Aim of the exercise:
Would you give the listing again exactly, without its images?

Input records:
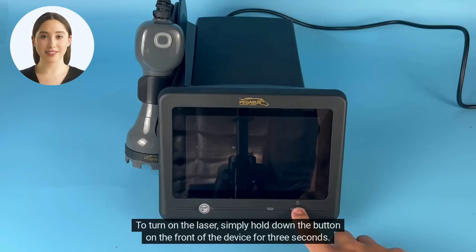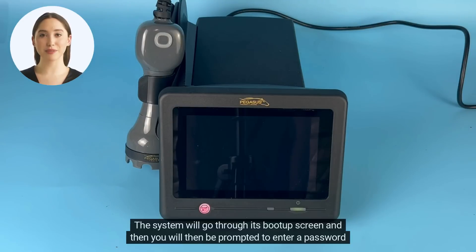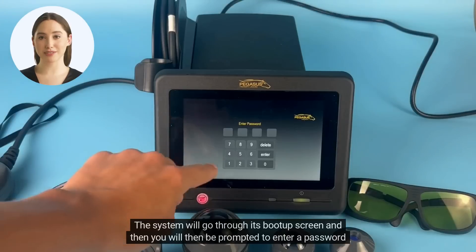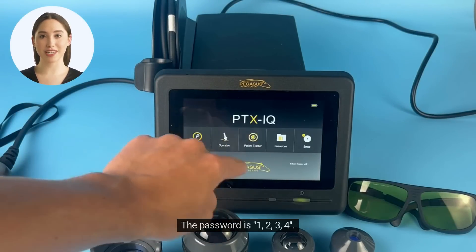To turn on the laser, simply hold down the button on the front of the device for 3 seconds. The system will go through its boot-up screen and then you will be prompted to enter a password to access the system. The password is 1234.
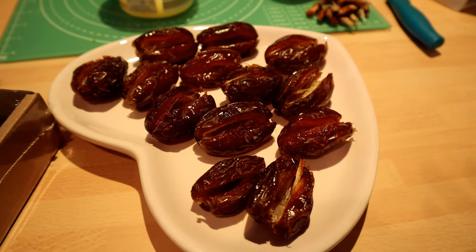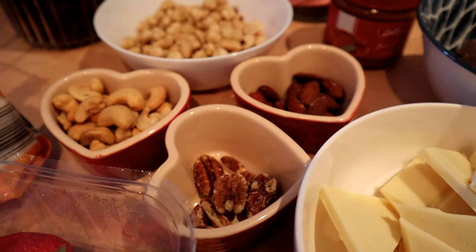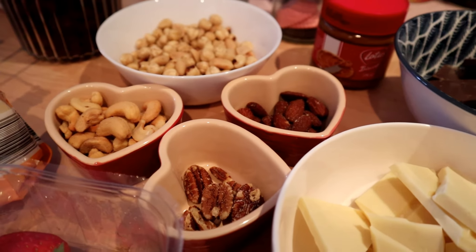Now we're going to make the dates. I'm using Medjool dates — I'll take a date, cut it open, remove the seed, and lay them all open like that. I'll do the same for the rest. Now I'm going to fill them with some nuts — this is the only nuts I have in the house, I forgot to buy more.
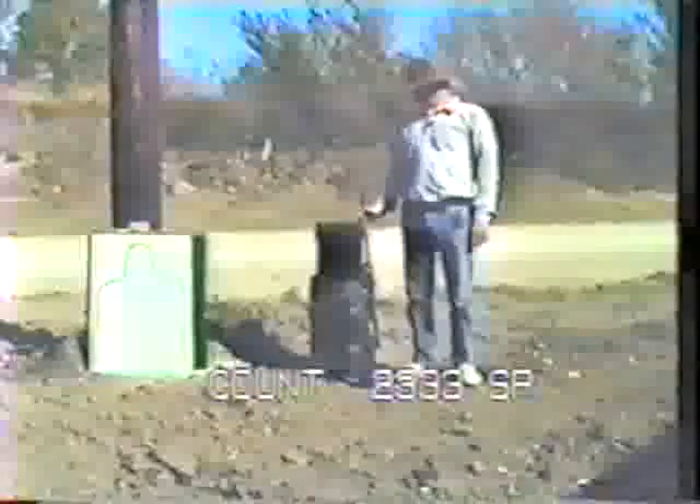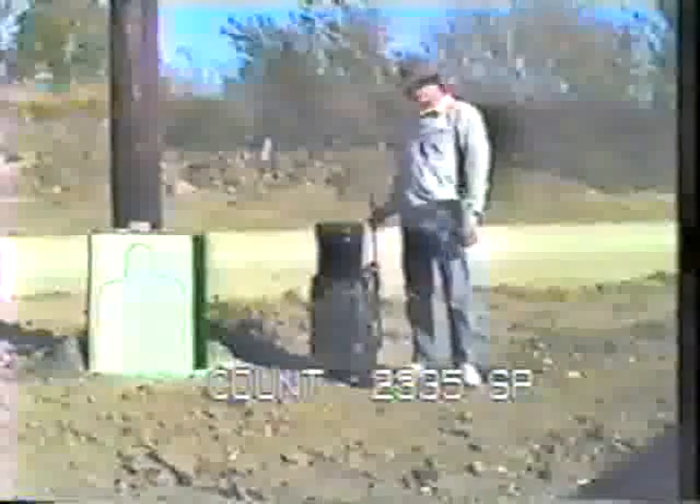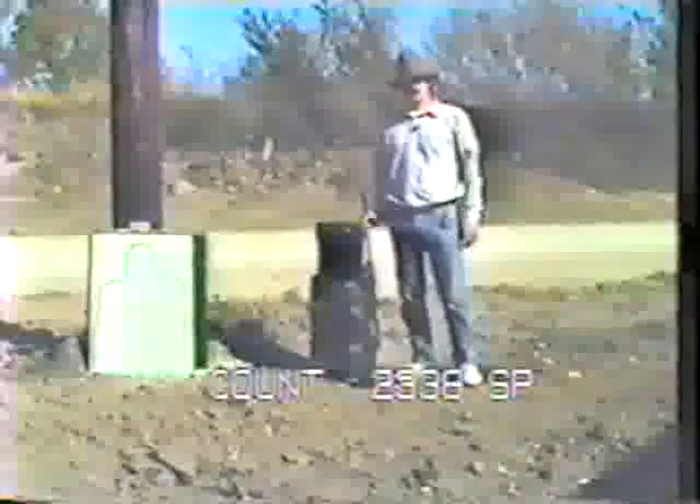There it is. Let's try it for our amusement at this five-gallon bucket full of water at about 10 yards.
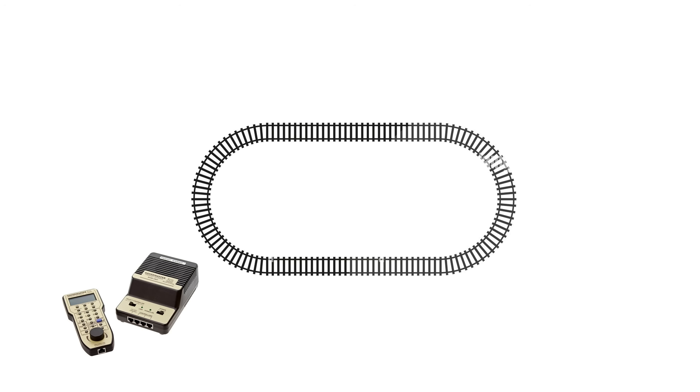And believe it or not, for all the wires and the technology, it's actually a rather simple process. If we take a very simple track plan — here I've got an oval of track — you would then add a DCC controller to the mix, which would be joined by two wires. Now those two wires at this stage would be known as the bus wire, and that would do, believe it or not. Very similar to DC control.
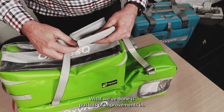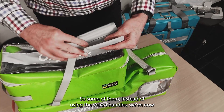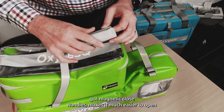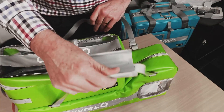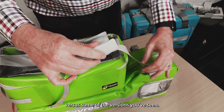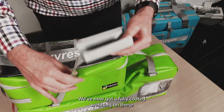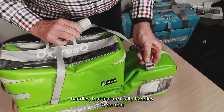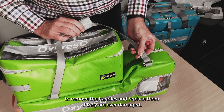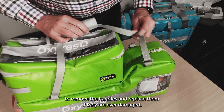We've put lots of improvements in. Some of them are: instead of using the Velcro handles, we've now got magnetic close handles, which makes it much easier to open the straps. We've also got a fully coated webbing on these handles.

Output of the task:
To turn on the laser, simply hold down the button on the front of the device for 3 seconds. The system will go through its boot-up screen and then you will be prompted to enter a password to access the system. The password is 1234.
Now we're going to make the dates. I'm using Medjool dates — I'll take a date, cut it open, remove the seed, and lay them all open like that. I'll do the same for the rest. Now I'm going to fill them with some nuts — this is the only nuts I have in the house, I forgot to buy more.
There it is. Let's try it for our amusement at this five-gallon bucket full of water at about 10 yards.
And believe it or not, for all the wires and the technology, it's actually a rather simple process. If we take a very simple track plan — here I've got an oval of track — you would then add a DCC controller to the mix, which would be joined by two wires. Now those two wires at this stage would be known as the bus wire, and that would do, believe it or not. Very similar to DC control.
We've put lots of improvements in. Some of them are: instead of using the Velcro handles, we've now got magnetic close handles, which makes it much easier to open the straps. We've also got a fully coated webbing on these handles.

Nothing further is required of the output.